Le conseiller en gestion de patrimoine est-il est un simple agent immobilier ?

Publié le Par ASR AVOCATS Cabinet spécialisé en défiscalisation et droit bancaire Vu 1 551 fois 0

Le conseiller en gestion de patrimoine qui vend un bien en défiscalisation ne peut plus se retrancher derrière la qualité d'agent immobilier pour échapper à sa responsabilité.

Le conseiller en gestion de patrimoine est-il est un simple agent immobilier ?
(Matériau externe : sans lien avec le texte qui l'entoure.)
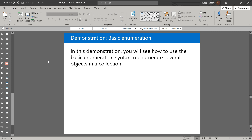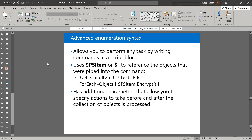We will see the demonstration in another video during the lab session. Next we will look at the advanced enumeration syntax. This allows us to perform any task by writing commands in a script block. We can use $PSItem or $_ to reference the objects piped into the command. It has additional parameters that allow us to specify actions to take before and after the collection of objects is processed. The advanced syntax provides more flexibility and functionality than the basic syntax.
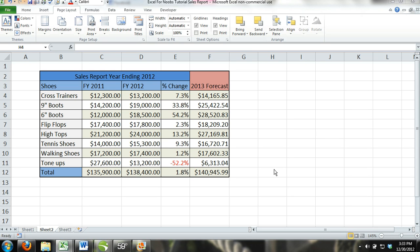Alright guys, welcome to excel4noobs.com. I'm just going to do a quick Excel tip video here for you. I'm just going to show you how to add a background image to your Excel workbook.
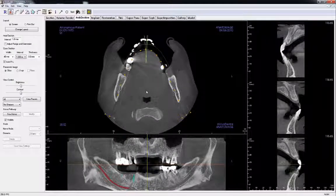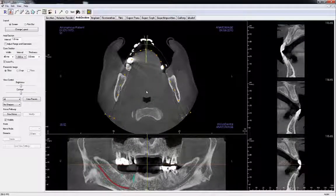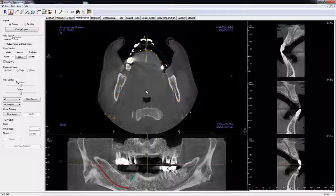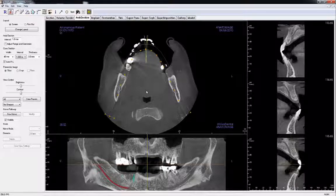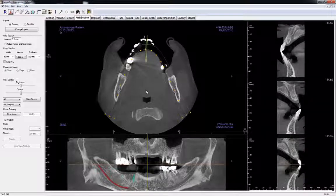The purpose of the Arch Section tab is to create a panoramic image for tracing the inferior alveolar nerve in mandibular implant cases and generating good cross-sections for making accurate measurements.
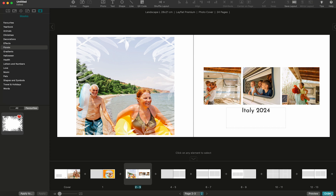Congratulations! You've just completed the introduction video to our photo book editor. Stay tuned for more tutorial videos where we'll reveal additional tips and tricks to help you personalize your photo book even more.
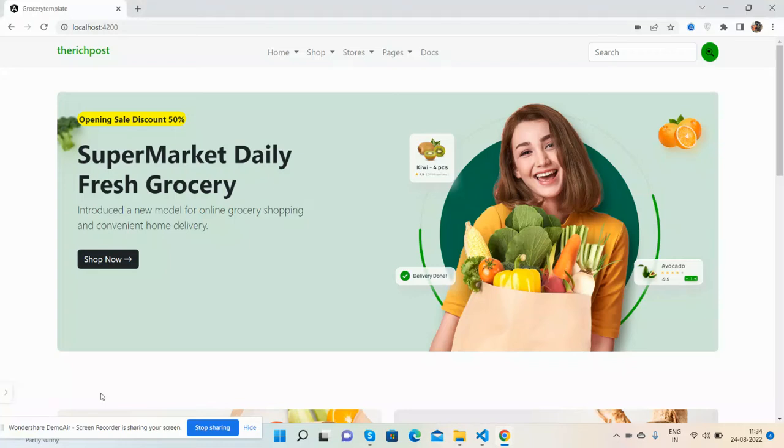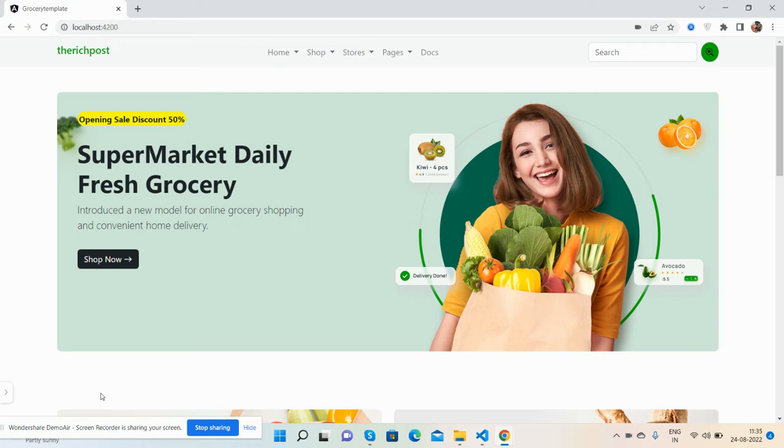Hello guys, how are you? Welcome back to my channel TheNextPost. I hope you all are doing great. In this video, I'm going to show you the grocery e-commerce template in Angular 14 and Bootstrap 5.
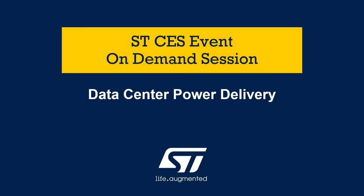Hello everyone, I am Paolo Sandri with STMicroelectronics and today I will talk about data center power delivery.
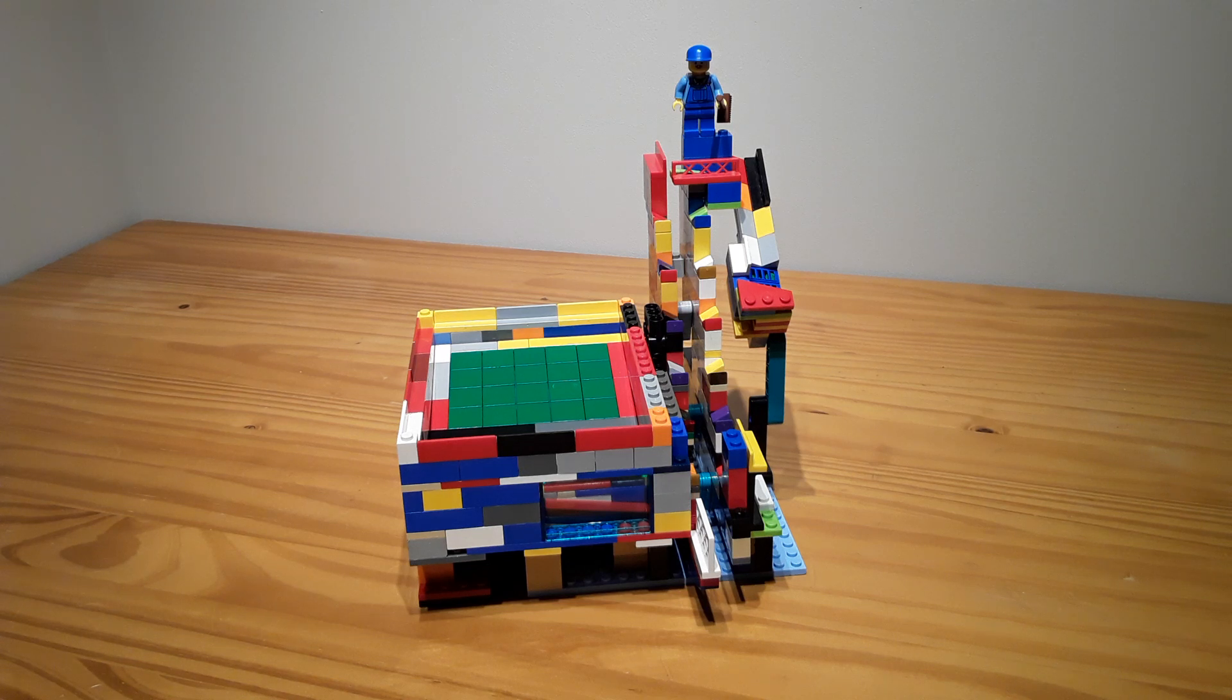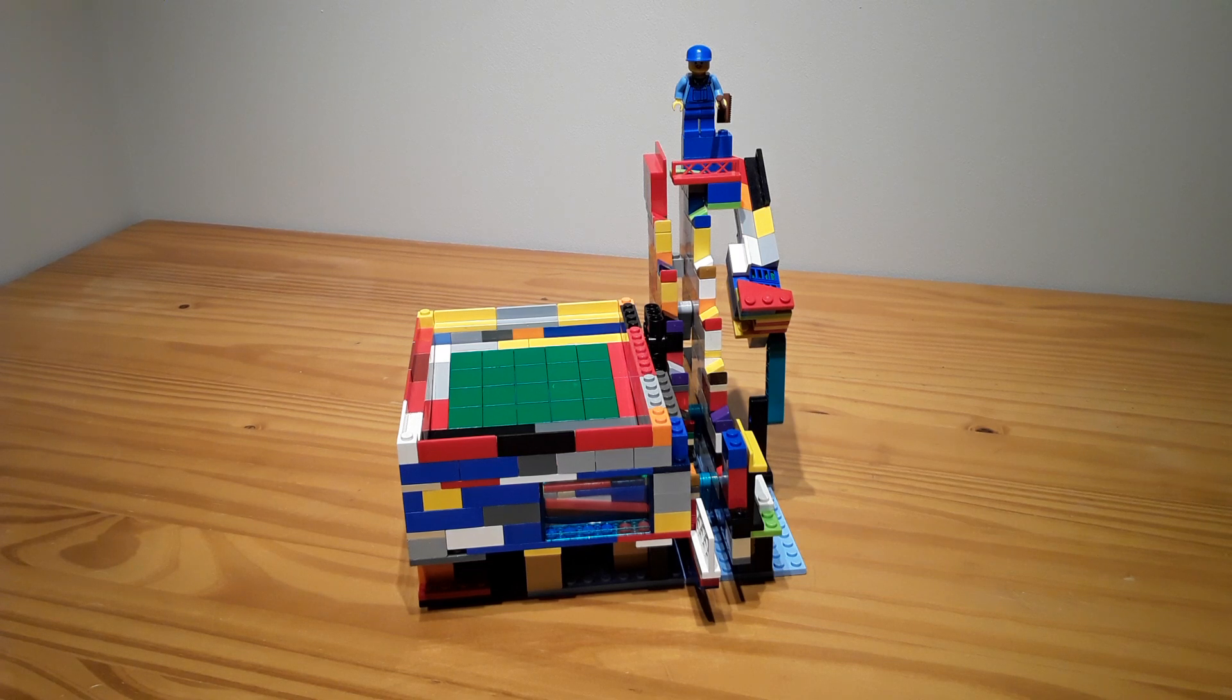Hello, LegoBengineer here, and welcome to my 22nd GBC video. This is an interesting GBC.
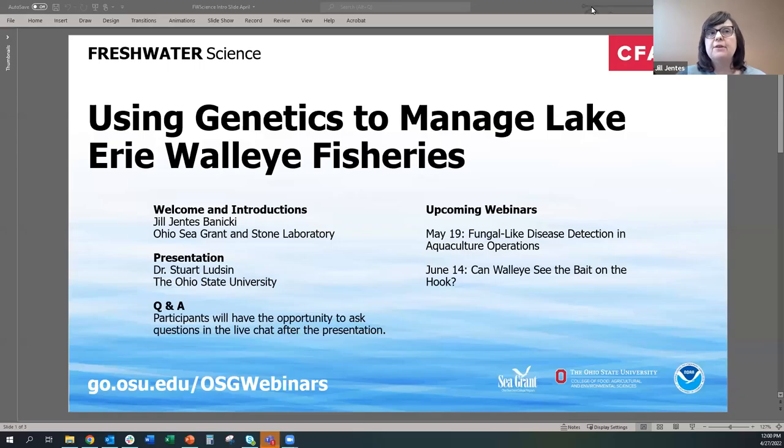This is a brand new webinar series called Freshwater Science that will highlight Ohio Sea Grant and partnering scientists every month. Every quarter is a different focus, from human health and fish farming to harmful algal blooms and human decision making, bringing applied research to the public on issues that affect our Lake Erie communities. I am Jill Gentis Benicki from Ohio Sea Grant Stone Laboratory, and joining me today is Dr. Stu Lutzen from the Aquatic Ecology Laboratory at The Ohio State University.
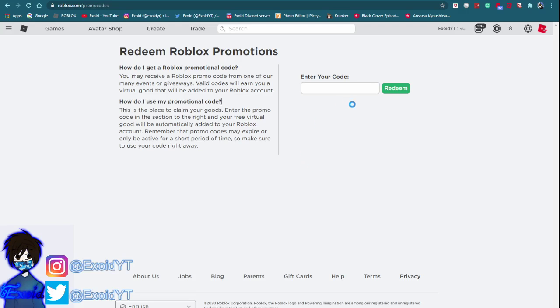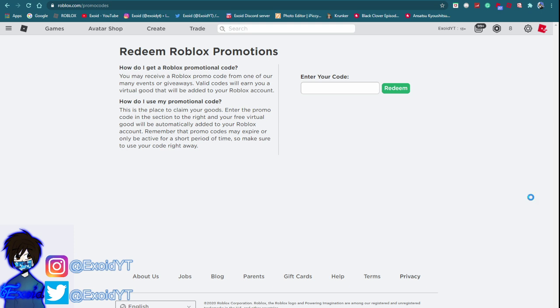Yo what is up guys, welcome back to another Roblox video. Today I'll be showing you guys all the newest Roblox promo codes and I'm actually just gonna get straight into the codes right now. I want you guys the first one right now. Before I go on, go ahead and subscribe because every time a new code comes out I cover all the new codes on my channel instantly.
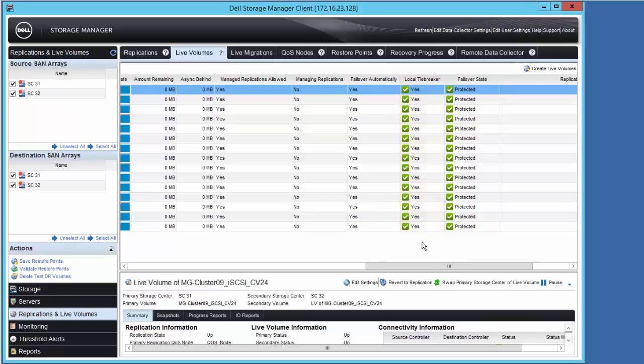And finally, we can verify that all of the Live Volumes are in a protected state, meaning they will support automatic failover given a DR scenario.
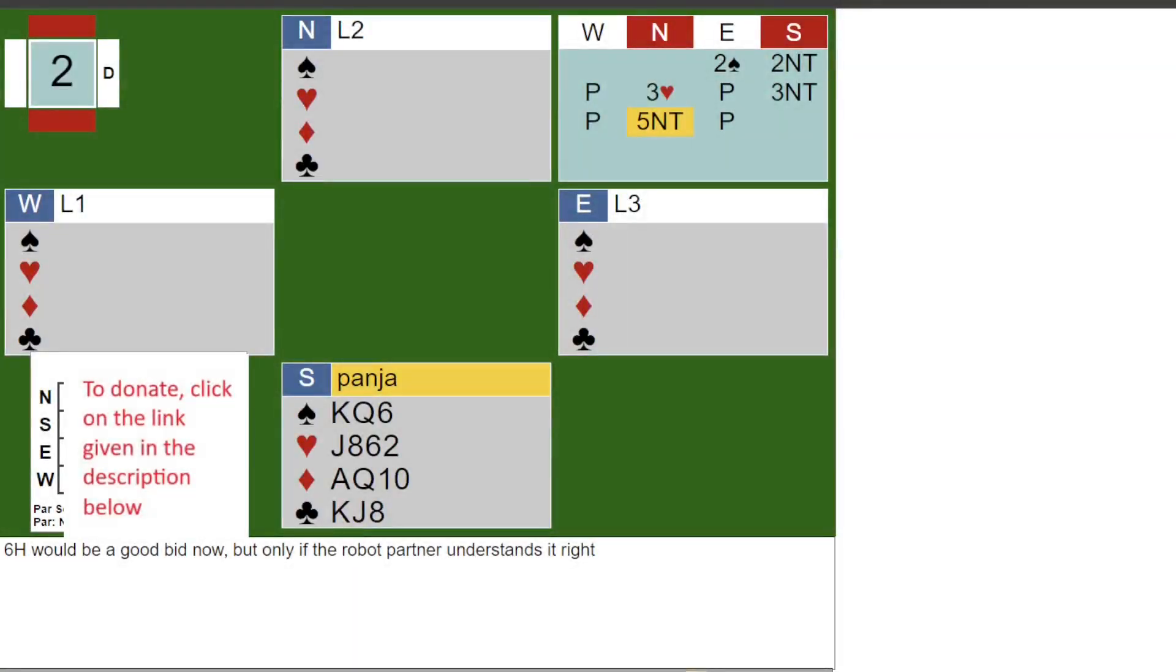Hi, here is a deal from the Delhi Celebrity Challenge on BBO. They designate one person as a celebrity on the day. Five boards played by that person are put up for others to play. You can play them and compare your result with the one the reported celebrity got. This was board 2 on 30th June 2024.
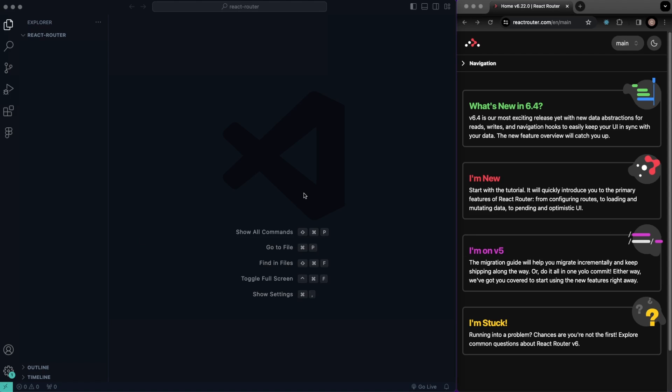Hey, what's going on you guys? Clint here. Welcome back to the channel of CodeCommerce. In this video, I'm going to be going over React Router version six inside of React. I'm going to show you how we can do static and dynamic routes as well. So without further ado, let's go ahead and get started.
La Cour d’appel de Versailles s’est prononcée le 2 février 2017 sur une affaire dans un dossier défendu par le cabinet ASR Avocats.

Dans la présente affaire, un investisseur avait financé l’achat d’un bien pour bénéficier du dispositif de ROBIEN.

Une plaquette commerciale lui a été remise en évoquant « une forte demande locative » dans la région, mais en réalité le marché immobilier était totalement saturé.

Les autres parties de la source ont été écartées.